Oleh P. Alex Beding, SVD
KALAU orang bicara tentang sebuah jembatan, kita selalu membayangkan adanya sebuah lembah atau jurang atau kali. Untuk melewati tempat itu orang harus mendirikan jembatan.
LAMALERA, kampung nelayan yang terletak di pantai Selatan Lembata menghadap Laut Sawu mempunyai situasi tersendiri sebagai berikut. Di masa lampau Lamalera merupakan suatu kampung besar tapi terbagi atas dua kampung: yang satu letaknya lebih tinggi, namanya Teti Lefo (kampung di atas) dan yang lain lebih rendah, namanya Lali Fatan (kampung di bawah). Fatan artinya pantai, dan di desa Lali Fatan terletak pelabuhan dan tempat perahu-perahu. Sejak 1990 Lamalera telah menjadi dua desa otonom, yakni Desa Lamalera Atas alias Lamalera A dan Lamalera Bawah alias Lamalera B, masing-masing dengan kepala desa sendiri-sendiri.
Di antara dua desa ini terletak sebuah bukit. Di atas bukit itu terletak Sebagian dari desa Lamalera Atas. Bukit itu disebut Fung.
Untuk lalu lintas antara desa Lamalera A dan desa Lamalera B orang harus melewati Fung disuatu tempat yang dikenal dengan nama Gripe. Disitu tidak ada jalan, hanya ada tebing batu yang tegak dan tinggi. Ratusan tahun lalu, sejak orang Lamalera datang dan berdiam di tempat ini, Gripe itu mesti dilewati, entah dengan cara yang tidak diketahui. Namun akhirnya terdapat disitu sebuah ‘jalan’ umum. Tapi bagaimana rupa jalan itu bisa dibayangkan kalua kita membaca catatan di bawah ini.
Pada bulan Juni tahun 1886, dua imam Yesuit yaitu P. C. ten Brink SY dan P. Yoh de Vries SY singgah di Lamalera dan mempermandikan 125 anak-anak Lamalera menjadi Katolik, dan dengan demikian Gereja Katolik berdiri di Lembata. Mula-mula upacara itu diadakan di Lamalera B, lalu pada hari berikutnya mereka mengadakan upacara yang sama di Lamalera A. Nah berikut ini P. C. ten Brink SY menuturkan sedikit mengenai usaha keduanya untuk sampai ke kampung Lamalera A.
“Untuk pergi ke Lamalera A (Lamalera atas) kami harus pergi ke atas mengikuti satu jalan menyusur tebing wadas, lewat batu-batu besar. Jalannya mengerikan!

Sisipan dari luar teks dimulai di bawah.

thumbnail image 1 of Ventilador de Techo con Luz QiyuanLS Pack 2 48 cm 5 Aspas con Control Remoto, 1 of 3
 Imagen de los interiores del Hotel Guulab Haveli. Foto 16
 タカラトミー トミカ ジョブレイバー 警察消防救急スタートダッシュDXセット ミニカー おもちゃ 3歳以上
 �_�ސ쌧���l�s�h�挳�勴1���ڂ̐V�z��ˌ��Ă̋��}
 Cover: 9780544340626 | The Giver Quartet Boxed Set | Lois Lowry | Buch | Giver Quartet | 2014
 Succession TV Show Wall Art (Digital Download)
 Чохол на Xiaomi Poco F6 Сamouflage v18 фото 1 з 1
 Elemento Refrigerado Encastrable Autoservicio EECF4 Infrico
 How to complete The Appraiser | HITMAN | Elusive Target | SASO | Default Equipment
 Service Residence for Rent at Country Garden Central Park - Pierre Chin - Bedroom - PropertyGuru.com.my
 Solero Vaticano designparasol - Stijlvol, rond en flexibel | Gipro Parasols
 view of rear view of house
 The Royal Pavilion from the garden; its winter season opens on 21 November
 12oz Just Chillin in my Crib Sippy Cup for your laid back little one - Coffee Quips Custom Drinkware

Orang Lamalera menamakan tempat itu Gripe. Sungguh suatu kesenian tersendiri kalua orang berlangkah naik dengan aman dari batu ke batu. Jangan coba bersandar pada tebing, karena tumbuhan kaktus berduri tajam mengancam. Jangan salah langkah, karena di sebelah kiri terdapat jurang. Kaki dan tangan harus diletakkan tepat pada batu-batu yang sudah menjadi licin sebagai tempat bertumpuh. Dengan susah payah kami seolah-olah merayap sampai di atas. Tapi itu rasanya tidak cukup. Kami mendengar orang-orang di belakang kami tertawa terbahak-bahak melihat gerak-gerik kami yang lucu, sementara orang-orang kampung sendiri seenaknya dengan lincah naik-turun di atas batu-batu itu. Mereka bisa naik-turun sambil memikul atau menjunjung beban yang berat seolah-olah itu jalan yang paling gampang di dunia. P. de Vries merasa bahwa lebih baik dia berjalan tanpa sepatu dan kaos mengikuti cara orang Lamalera berjalan di situ. Tapi batu tajam dan tumbuhan berduri yang runcing segera menyadarkannya bahwa dia tidak memiliki sepatu ‘alamiah’ seperti kaki orang Lamalera. Jadi dia mengenakan kembali sepatunya dan berusaha sedapat mungkin untuk sampai di atas.”
Saya bertanya-tanya mengapa P. Bode SVD, pastor SVD pertama dan tetap, yang datang ke Lamalera sesudah pastor-pastor Yesuit, tidak mencatat apa-apa tentang Gripe. Waktu itu tangga sudah dikerjakan. Dia hanya menyinggung tentang jalan sempit di Gereja itu Ketika dipikirkan untuk membuat suatu jalan alternatif di belakang pastoran ke arah timur lewat Fung dan seterusnya. Tapi gagasan itu terlalu sulit dan akhirnya di tinggalkan.
Mengenai waktu tangga Gereja dibangun saya mendapat informasi dari Bpk. Ignatius Getan, yang mengatakan bahwa tangga itu dibangun pada tahun 1918.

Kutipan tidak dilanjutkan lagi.